Prefetching changes the step-time arithmetic from a sum to a max:

\[ t_{\text{step}}^{\text{naive}} \approx t_{\text{prep}} + t_{\text{train}} \qquad\longrightarrow\qquad t_{\text{step}}^{\text{prefetch}} \approx \max(t_{\text{prep}},\, t_{\text{train}}) \]

Here’s that overlap visually — same work, different wall clock:

Naive: CPU prep and GPU train take turns CPU prep 1 prep 2 prep 3 GPU train 1 train 2 train 3 6 units of time With prefetch: prep batch n+1 while training on batch n CPU prep 1 prep 2 prep 3 GPU train 1 train 2 train 3 4 units of time t_step ≈ max(prep, train) instead of prep + train

If t_prep ≤ t_train, prefetch hides data preparation entirely — the GPU never waits. That’s the whole game: make the input pipeline invisible.

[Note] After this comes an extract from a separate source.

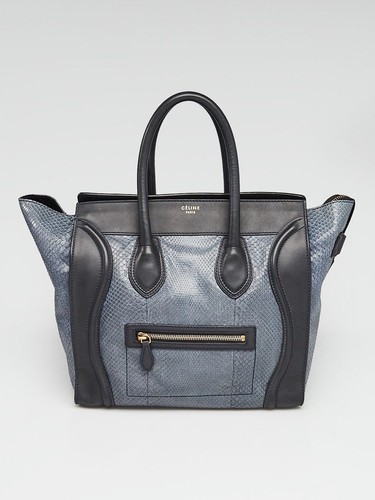 Celine Mini-Gepäcktasche blau Python und schwarzes Leder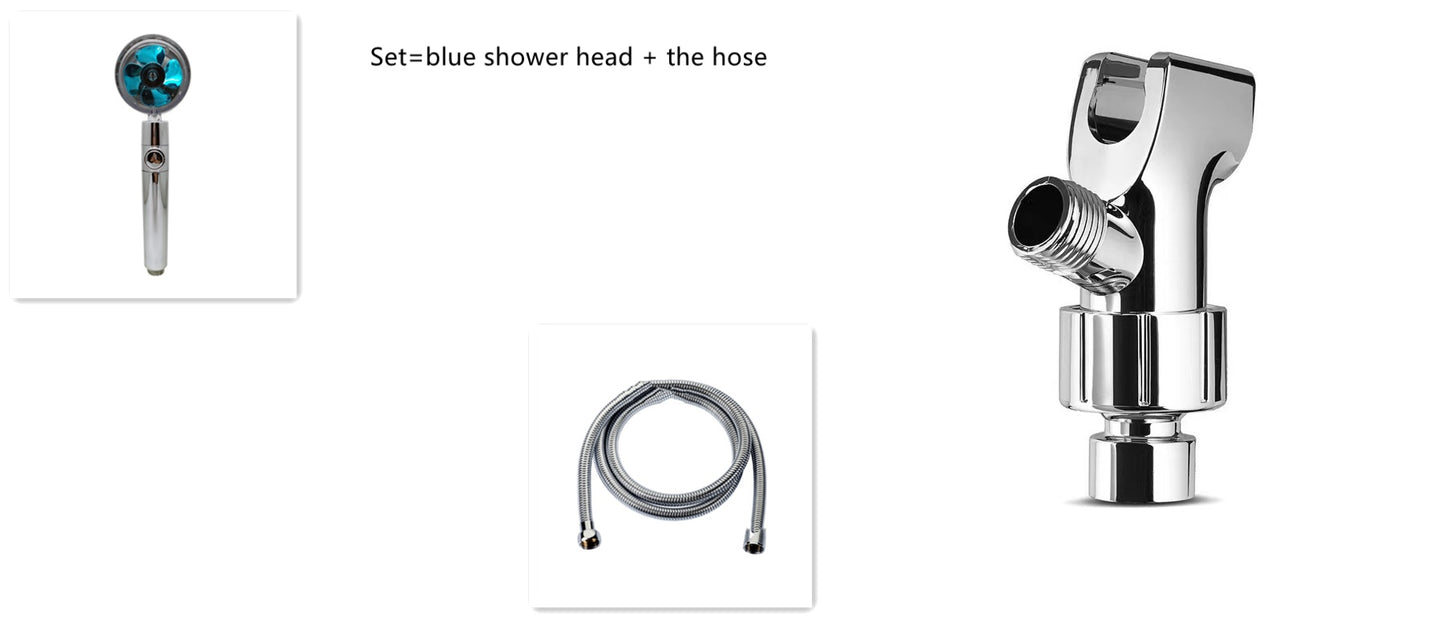 Pommeau de douche à économie d'eau, rotation à 360 degrés avec petit ventilateur, buse de pulvérisation haute pression ABS, accessoires de salle de bain.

A real pipeline: decoding images from disk

Toy ranges are fine for learning the API, but the transformations only start to matter when elements are expensive. Let’s build the pipeline you’ll actually reuse on Lesson 6 (CNNs) and Lesson 8 (transfer learning): the TensorFlow flowers dataset — ~3,670 JPEGs in five class-named directories, about 220 MB.

import pathlib

data_dir = tf.keras.utils.get_file(
    "flower_photos",
    origin="https://storage.googleapis.com/download.tensorflow.org/"
           "example_images/flower_photos.tgz",
    untar=True,
)
data_dir = pathlib.Path(data_dir)

class_names = sorted(
    p.name for p in data_dir.iterdir() if p.is_dir() and p.name != "LICENSE.txt"
)
print(class_names)
# ['daisy', 'dandelion', 'roses', 'sunflowers', 'tulips']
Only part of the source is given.